The MOD13Q1 images are atmospherically corrected [25] and composed of optimal observations acquired during a 16-day period. Optimal observations are designated by evaluating overall pixel quality in terms of aerosol content, low view angle, and absence of clouds and/or cloud shadows [26]. In order to further reduce data noise levels resulting from cloud and cloud shadow contamination, the MODIS time-series datasets were smoothed with a Whittaker smoother algorithm [27].

A suite of ancillary data was also compiled and used principally to link quantitative vegetation cover dynamics with their causative factors. These data sets consist of climate data including mean monthly temperature, precipitation, snow cover dynamics, along with elevation data and LULC maps (Section 3.1).

3. Methods

3.1. Data Compilation for Statistical Modelling

The factors determining inter-annual vegetation dynamics in CA were identified based on a literature review and expert interviews. The principal factors for which data were available were utilized as inputs for the generalized least squares (GLS) random-effect (RE) models (

Table 1. Overview of the factors used for statistical modelling.
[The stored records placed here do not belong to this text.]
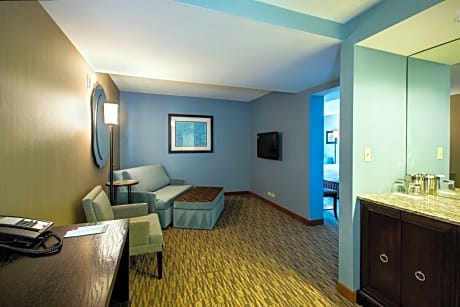 One-Bedroom King Suite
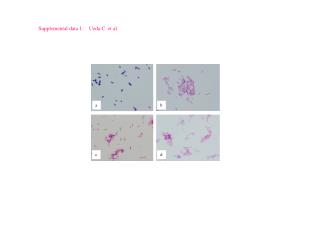 Supplemental data 1: Ueda C. et al.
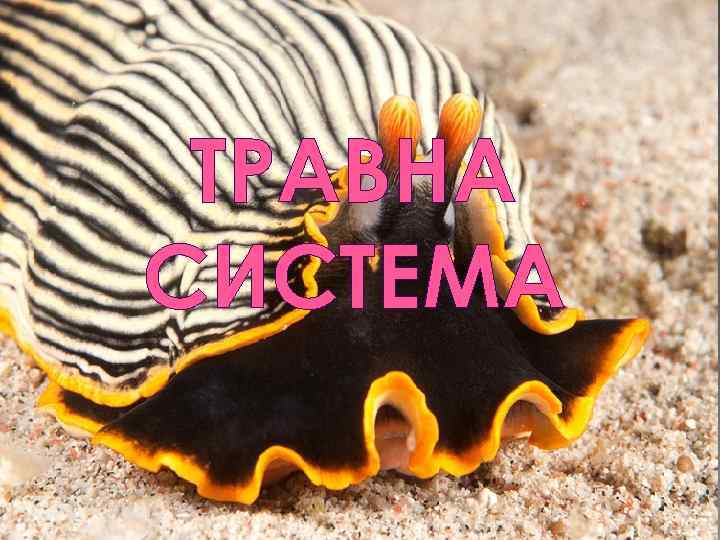 ТРАВНА СИСТЕМА 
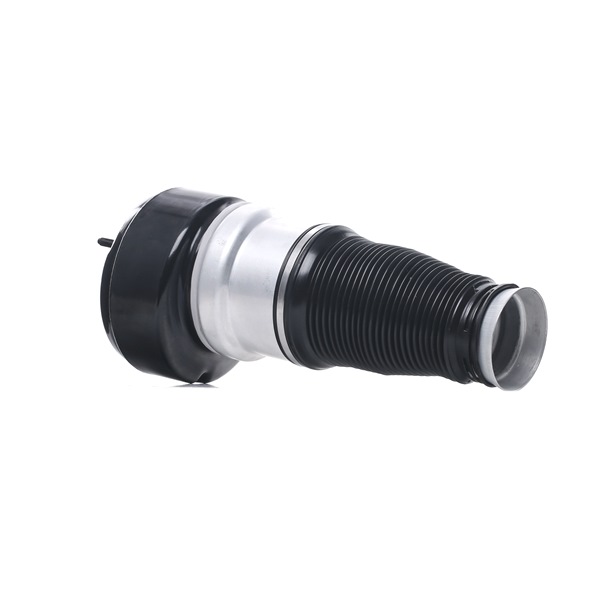 RIDEX A 221 320 49 13 Ilmajousi 4119A0047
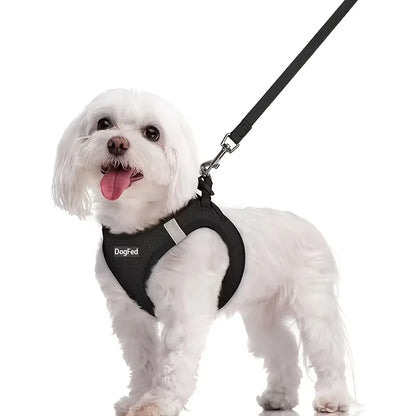 Soft Lightweight Dog Harness & Leash Set, Breathable Mesh Reflective Pet Vest for Daily Walking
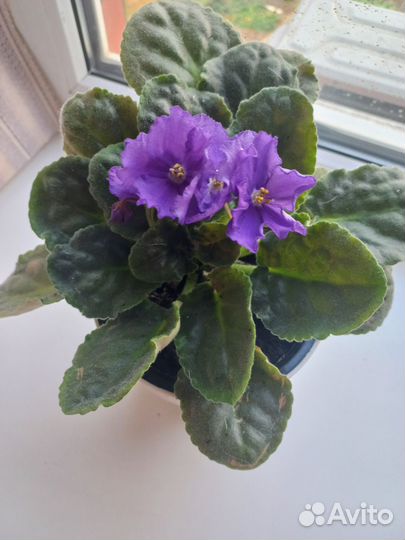 Фиалка в горшках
Variable	Description	Time Step	Data Source
L.ndvi_a0	Lagged overall greenness	Yearly	MOD13Q1
temp_a0	Overall temperature	Yearly	CRU TS3.10
temp_a1	Peak temperature	Yearly
temp_ph	Timing of peak temperature	Yearly
L.temp_a0	Lagged overall temperature	Yearly
L.temp_a1	Lagged peak temperature	Yearly
L.temp_ph	Lagged timing of peak temperature	Yearly
prec_a0	Overall precipitation	Yearly
prec_a1	Peak precipitation	Yearly
prec_ph	Timing of peak precipitation	Yearly
L.prec_a0	Lagged overall precipitation	Yearly
L.prec_a1	Lagged peak precipitation	Yearly
L.prec_ph	Lagged timing of peak precipitation	Yearly
snow	Stop of the snow cover season	Yearly	MOD10A1, MYD10A1
L.snow	Lagged stop of the snow cover season	Yearly
elav	Slope	Time invariant	SRTM
LU	Land use land cover	Year 2009	MYD13Q1, MYD09Q1

). Our models were stratified based on both regional differences in climatic conditions and in management.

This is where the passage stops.